Targeted insertional mutagenesis using a group II intron vector^42,43 was performed to probe the function of all seven orthologs (five cspCs, one cspBA and one sleC). For technical reasons, we were unable to inactivate three of the orthologs. The remaining four orthologs shown in Fig. 2b (cspBA-81, cspC-82, sleC-83 and cspC-1718) were successfully inactivated and verified by Southern blot analysis to have single intron insertions (Supplementary Fig. S15). These four mutants were sufficient to provide an insight into the bile salt germination mechanism of C. septicum.

Inactivation of cspC orthologs abrogates germination to specific bile salts

Spores with inactivated cspC-82 or cspC-1718 were evaluated for germination in the presence of bile salts in three ways: (1) drop in optical density, (2) release of calcium-dipicolinate (Ca-DPA) from the spore core^44,45 and (3) phase contrast microscopy.

Inactivation of cspC-1718 attenuated the germination response to GCA and inactivation of cspC-82 did the same for CDCA and DCA (Fig. 3, Supplementary Figs. S16). While intron insertional methods can lead to polar effects on the downstream genes, this was not observed in our mutants. Complementation of the mutants with their respective inactivated gene products restored the original germination response. Similar results were also observed with an independent spore batch, further supporting the previous observations (Supplementary Figs. S17). These results, demonstrating that two gene products were responsible for sensing non-coincidental bile salt germinants, was consistent with our earlier hypothesis that there were at least two bile salt germination sensors in C. septicum. As expected, there was no appreciable change in germination phenotype with the weakly-germinant and non-germinant bile salts - CA, GDCA, TCA and TDCA (Fig. 3, Supplementary Figs. S16, S17). Interestingly, the OD decrease and Ca-DPA release triggered by GDCA was attenuated by cspC-82 inactivation but restored by complementation. This suggests that GDCA, which is structurally similar to GCA, may be weakly recognized by the cognate receptor for GCA.

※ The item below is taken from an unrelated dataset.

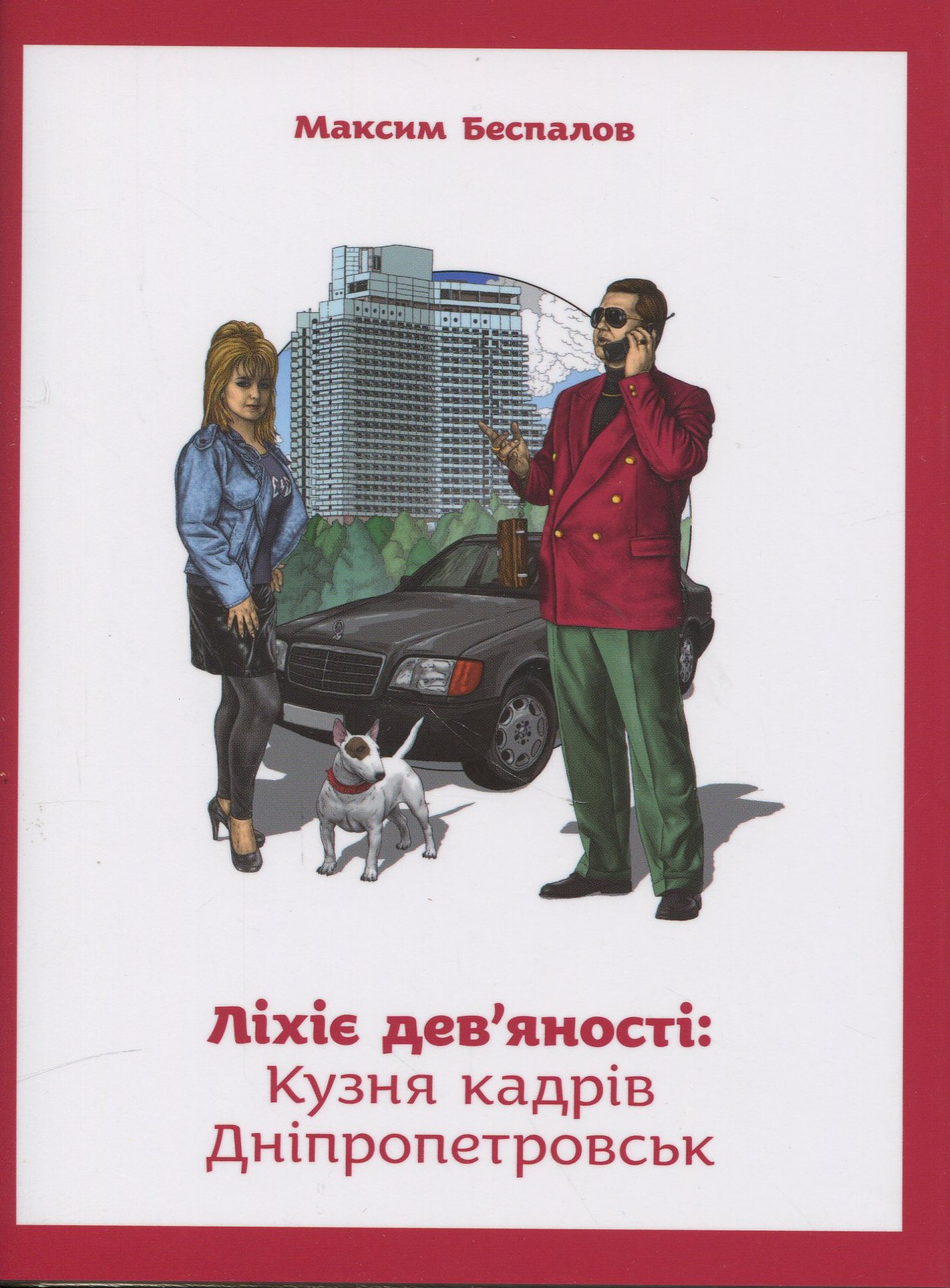 Ліхіє дев’яності: Кузня кадрів. Дніпропетровськ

Interestingly, cspC-1718 mutant had approximately one log lower Ca-DPA content compared to its WT counterpart (Supplementary Fig. S18). Although complementation of the cspC-1718 mutant did not reverse this phenotype, germination of the cspC-1718 mutant and its complement still released Ca-DPA, accompanied by the usual OD drop and phase dark spores (Fig. 3, Supplementary Figs. S16, S17).

Inactivation of cspBA-81 and sleC-83 abrogates germination to all bile salts

Both cspBA-81 and sleC-83 are potentially important for bile salt germination because they reside in the same operon as cspC-82, the gene shown by previous experiments to mediate CDCA/DCA-triggered germination. The cspBA, cspC, and sleC genes in C. difficile play a pivotal role in its bile salt germination pathway. Specifically, in C. difficile, CspBA is cleaved by the YabG protease into CspB and CspA⁴⁶. CspB then undergoes autoprocessing to remove its own inhibitory prodomain, resulting in an active form which converts pro-SleC to SleC. The activated SleC proceeds to hydrolyze the spore peptidoglycan to initiate spore germination^34,47,48.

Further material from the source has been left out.